Our Race Will Rule Undisputed Over The World is a fabricated speech often cited in antisemitic propaganda, supposedly given by a Rabbi Emanuel Rabinovich. However, both the speech and Rabbi Rabinovich were, like the "Israel Cohen" of A Racial Program for the Twentieth Century, fictitious creations of Eustace Mullins.

The speech was alleged to have been delivered to the "Emergency Council of European Rabbis" in Budapest, Hungary on January 12, 1952. In it Rabinovich outlines a plan for Jews to subjugate the world via a "Third World War". This forgery is taken as evidence for a Jewish plot against gentiles in much the same way as, The Protocols of the Elders of Zion (invoked in the Rabinovich speech), is used as evidence of Jewish global conspiracy.

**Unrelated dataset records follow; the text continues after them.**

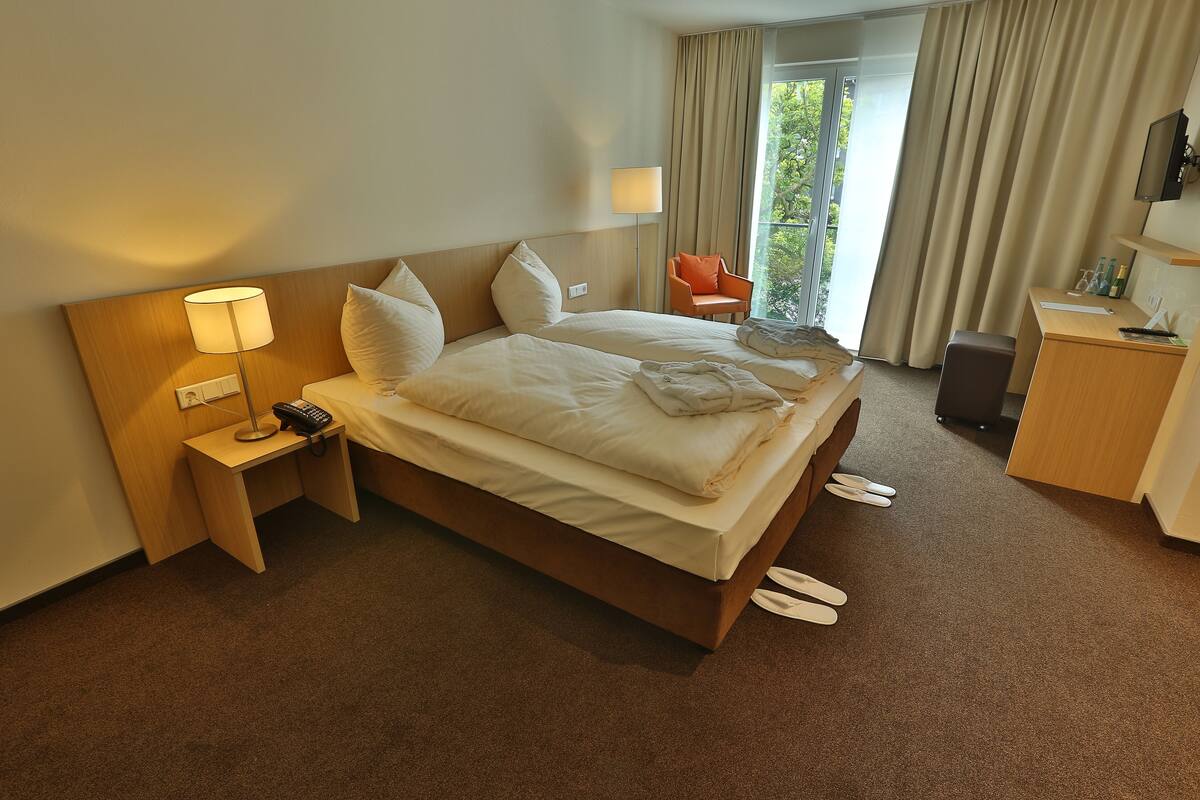 A hotel room with a large bed, a desk, a chair, a lamp, and a view of the outdoors.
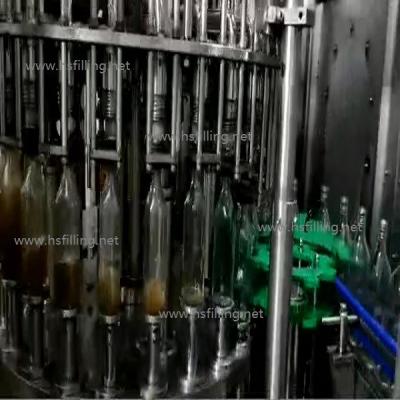 China CE de acero inoxidable de la máquina de la botella que capsula de cristal de la bebida alcohólica del relleno en caliente del casquillo automático de la máquina ROPP en venta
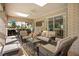Relaxing patio with wicker furniture and brick walls at 1419 Hollingsworth Oaks Dr, Lakeland, FL 33803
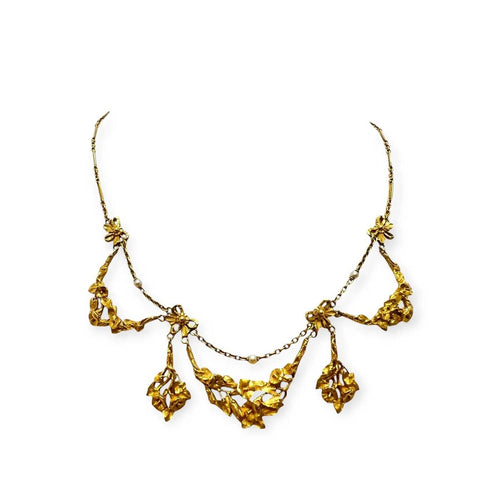 Collier Collier à motifs floraux et pampilles en or jaune 750 58 Facettes 330104545
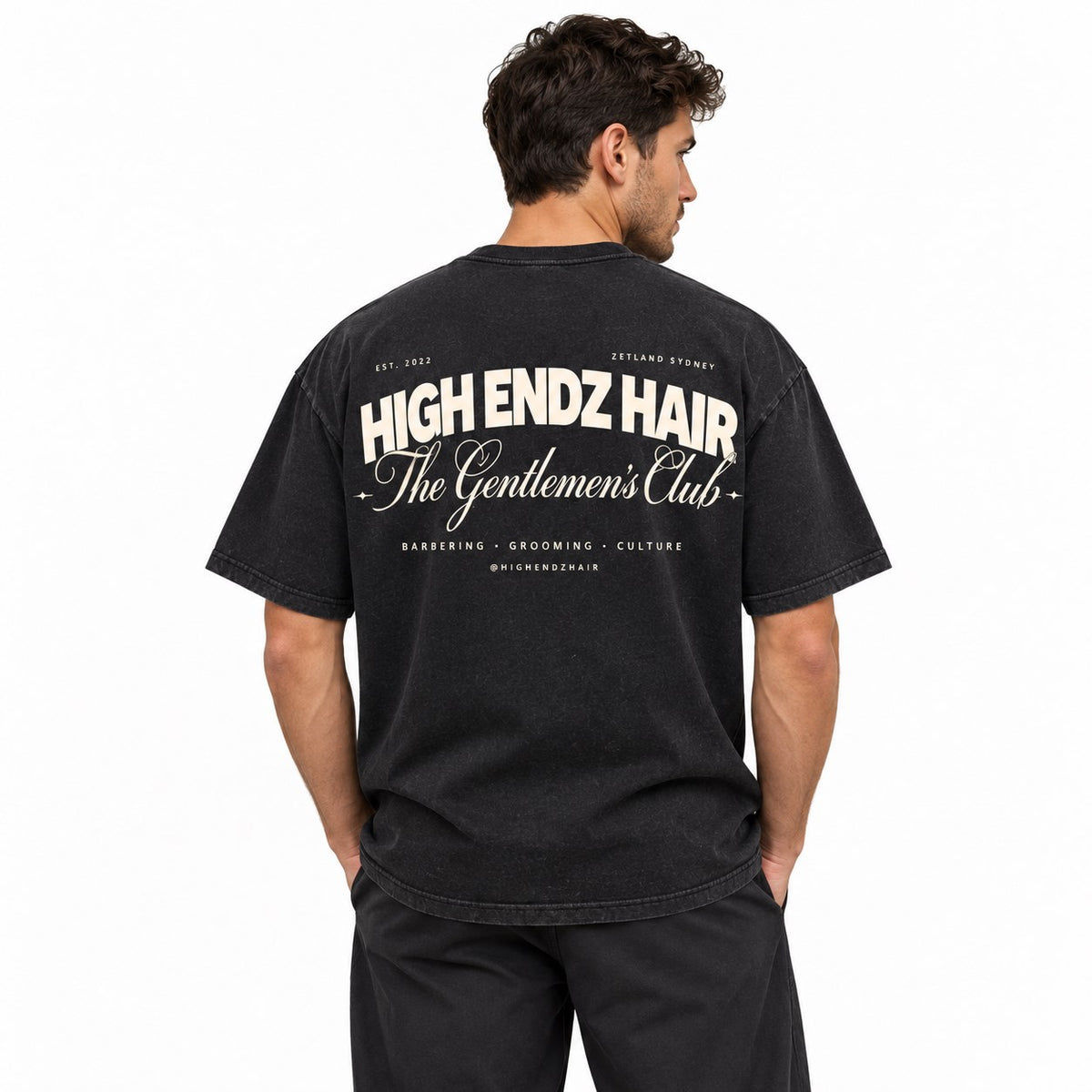 Man wearing the stone wash High Endz Hair Gentlemen's Club Tee, back view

Mullins claimed to have received a copy of the speech from a Bulgarian diplomat defecting from the Communist government. According to Mullins, the diplomat had been hiding in Budapest where he received a copy of the speech, and then escaped to Hamburg, Germany, where he was given Mullins' name. The diplomat then allegedly emigrated to the United States, where he eventually met Mullins and gave him the copy.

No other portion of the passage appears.